Anton Graff (1736-1813), an artist from Winterthur in Switzerland, was the most important portraitist of the German Enlightenment. Like no other painter at the time, he shaped the image of the aristocracy and the bourgeoisie, of poets and thinkers, and of emancipated women at the cusp of modernity. In the words of Swiss philosopher and aesthetics scholar Johann Georg Sulzer, Anton Graff's talent lay in his ability to look "into the depths of the soul".

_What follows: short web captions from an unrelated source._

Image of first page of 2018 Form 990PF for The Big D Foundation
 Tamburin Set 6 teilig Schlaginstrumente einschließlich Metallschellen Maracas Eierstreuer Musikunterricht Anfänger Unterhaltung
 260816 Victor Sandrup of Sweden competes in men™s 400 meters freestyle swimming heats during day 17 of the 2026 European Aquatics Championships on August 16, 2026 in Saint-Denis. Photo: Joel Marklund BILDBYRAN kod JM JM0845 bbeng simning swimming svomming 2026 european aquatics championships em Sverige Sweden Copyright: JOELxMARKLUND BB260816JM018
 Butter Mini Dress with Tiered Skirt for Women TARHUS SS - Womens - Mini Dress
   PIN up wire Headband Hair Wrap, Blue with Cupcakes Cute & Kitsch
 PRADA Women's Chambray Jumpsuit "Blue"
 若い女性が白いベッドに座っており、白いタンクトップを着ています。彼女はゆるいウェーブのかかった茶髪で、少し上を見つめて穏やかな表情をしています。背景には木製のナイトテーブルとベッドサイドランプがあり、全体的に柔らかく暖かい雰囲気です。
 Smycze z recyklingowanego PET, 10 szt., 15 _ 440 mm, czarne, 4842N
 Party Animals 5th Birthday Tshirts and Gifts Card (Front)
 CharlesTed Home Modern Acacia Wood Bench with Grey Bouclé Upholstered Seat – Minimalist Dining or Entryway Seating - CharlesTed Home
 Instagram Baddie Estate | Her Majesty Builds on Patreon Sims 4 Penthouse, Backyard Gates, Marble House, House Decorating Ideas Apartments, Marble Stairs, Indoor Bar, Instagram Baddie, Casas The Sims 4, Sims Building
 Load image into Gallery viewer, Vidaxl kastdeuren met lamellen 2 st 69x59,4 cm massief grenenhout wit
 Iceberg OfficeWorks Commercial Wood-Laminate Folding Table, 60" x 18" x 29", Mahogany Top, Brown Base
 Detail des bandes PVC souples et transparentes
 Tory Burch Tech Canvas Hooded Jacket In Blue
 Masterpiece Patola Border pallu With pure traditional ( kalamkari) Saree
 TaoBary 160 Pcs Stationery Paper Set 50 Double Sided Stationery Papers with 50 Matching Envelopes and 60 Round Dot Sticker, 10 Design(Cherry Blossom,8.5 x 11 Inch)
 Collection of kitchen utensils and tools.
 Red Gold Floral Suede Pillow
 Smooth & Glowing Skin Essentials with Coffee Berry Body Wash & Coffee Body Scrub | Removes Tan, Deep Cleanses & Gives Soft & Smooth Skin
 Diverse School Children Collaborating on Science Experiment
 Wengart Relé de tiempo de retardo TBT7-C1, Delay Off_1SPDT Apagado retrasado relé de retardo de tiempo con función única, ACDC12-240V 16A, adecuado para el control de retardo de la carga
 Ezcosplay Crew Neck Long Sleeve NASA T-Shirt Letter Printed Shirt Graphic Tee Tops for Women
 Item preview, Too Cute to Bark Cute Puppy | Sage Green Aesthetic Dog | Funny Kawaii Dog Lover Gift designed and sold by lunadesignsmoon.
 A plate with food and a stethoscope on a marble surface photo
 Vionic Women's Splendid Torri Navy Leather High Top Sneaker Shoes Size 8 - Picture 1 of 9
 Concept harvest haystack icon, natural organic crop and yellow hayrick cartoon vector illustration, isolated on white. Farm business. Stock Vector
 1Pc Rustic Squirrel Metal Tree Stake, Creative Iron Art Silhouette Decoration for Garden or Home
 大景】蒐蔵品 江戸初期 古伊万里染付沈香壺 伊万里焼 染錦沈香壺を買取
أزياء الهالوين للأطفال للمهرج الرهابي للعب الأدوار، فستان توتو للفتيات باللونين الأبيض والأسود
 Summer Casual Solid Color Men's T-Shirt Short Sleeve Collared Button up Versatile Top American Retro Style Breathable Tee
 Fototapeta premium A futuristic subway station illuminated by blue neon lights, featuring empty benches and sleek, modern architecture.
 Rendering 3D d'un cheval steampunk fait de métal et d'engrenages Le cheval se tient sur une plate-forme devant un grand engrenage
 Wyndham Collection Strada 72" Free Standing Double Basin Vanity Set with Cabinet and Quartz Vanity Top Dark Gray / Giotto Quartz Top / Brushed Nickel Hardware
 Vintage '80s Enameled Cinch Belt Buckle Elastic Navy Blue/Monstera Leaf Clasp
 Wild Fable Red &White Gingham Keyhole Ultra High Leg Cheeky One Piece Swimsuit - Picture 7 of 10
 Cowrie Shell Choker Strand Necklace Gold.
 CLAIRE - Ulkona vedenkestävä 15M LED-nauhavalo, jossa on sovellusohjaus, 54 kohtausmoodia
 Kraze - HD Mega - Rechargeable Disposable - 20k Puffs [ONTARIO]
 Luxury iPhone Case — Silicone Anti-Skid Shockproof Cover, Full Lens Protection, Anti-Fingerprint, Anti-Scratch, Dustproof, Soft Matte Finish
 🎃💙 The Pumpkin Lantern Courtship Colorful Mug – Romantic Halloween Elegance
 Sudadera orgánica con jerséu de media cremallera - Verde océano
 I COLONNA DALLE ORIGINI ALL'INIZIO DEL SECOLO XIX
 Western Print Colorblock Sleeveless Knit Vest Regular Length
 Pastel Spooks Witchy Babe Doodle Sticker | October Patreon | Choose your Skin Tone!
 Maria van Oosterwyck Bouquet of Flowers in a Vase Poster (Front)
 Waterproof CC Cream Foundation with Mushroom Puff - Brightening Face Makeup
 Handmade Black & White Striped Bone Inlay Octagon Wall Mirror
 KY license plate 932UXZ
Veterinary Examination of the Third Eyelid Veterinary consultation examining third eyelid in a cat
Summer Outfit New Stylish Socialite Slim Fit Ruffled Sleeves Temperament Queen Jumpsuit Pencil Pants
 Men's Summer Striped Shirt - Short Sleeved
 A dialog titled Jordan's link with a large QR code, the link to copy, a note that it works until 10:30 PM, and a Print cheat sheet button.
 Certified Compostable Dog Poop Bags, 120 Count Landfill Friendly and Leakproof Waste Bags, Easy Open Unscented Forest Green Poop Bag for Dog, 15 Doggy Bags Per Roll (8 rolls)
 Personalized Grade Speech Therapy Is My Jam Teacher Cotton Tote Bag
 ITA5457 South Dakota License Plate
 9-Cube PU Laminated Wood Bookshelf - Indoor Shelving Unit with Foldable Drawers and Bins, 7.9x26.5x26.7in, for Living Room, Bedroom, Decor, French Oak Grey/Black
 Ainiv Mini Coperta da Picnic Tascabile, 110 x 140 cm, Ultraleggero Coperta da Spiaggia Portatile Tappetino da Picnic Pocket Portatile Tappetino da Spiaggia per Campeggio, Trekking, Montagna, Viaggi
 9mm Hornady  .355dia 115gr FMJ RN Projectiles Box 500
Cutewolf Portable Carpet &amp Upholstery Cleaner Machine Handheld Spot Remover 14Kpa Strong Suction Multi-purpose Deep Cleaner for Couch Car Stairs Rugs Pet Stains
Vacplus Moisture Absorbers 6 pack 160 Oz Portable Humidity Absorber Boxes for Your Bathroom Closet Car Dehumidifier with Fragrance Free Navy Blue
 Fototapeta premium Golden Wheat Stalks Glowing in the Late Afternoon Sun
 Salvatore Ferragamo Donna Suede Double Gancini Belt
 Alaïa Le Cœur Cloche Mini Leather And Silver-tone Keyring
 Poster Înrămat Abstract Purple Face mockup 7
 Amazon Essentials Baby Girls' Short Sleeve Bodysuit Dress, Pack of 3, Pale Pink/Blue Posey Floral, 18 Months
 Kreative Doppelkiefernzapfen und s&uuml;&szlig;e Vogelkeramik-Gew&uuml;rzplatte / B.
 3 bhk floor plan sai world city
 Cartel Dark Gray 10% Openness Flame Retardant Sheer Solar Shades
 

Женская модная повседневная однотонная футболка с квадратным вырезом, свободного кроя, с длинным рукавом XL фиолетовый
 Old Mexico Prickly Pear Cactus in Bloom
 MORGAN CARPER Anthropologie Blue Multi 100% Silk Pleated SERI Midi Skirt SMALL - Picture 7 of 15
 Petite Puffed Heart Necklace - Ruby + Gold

When Graff died in 1813 at the age of 76, he left behind an exceptional panorama of the era in which he lived, from portraits of Frederick the Great and Friedrich Wilhelm II to Christoph Friedrich Nicolai, Gotthold Ephraim Lessing, Moses Mendelssohn, Henriette Herz, Friedrich Schiller and Johann Gottfried Herder. These portraits of prominent figures and his numerous portraits of his family and of himself demonstrate Graff's outstanding ability to capture the individual essence and mindset of the person standing across from him.
To commemorate the 200th anniversary of his death, the Alte Nationalgalerie is hosting the first comprehensive monographic showing of his work in fifty years, showcasing about 90 paintings and 45 works on paper, which illustrate Graff's great artistic achievements.
The exhibition 'Anton Graff - Faces of an Epoch' was organised in cooperation with the Museum Oskar Reinhart in Winterthur. An exhibition of about 80 works will be held there from 22 June to 29 September 2013.
The retrospective at the Alte Nationalgalerie has been made possible by the support of the Verein der Freunde der Nationalgalerie and funded by the cultural foundations of the German states and the Swiss Arts Council Pro Helvetia.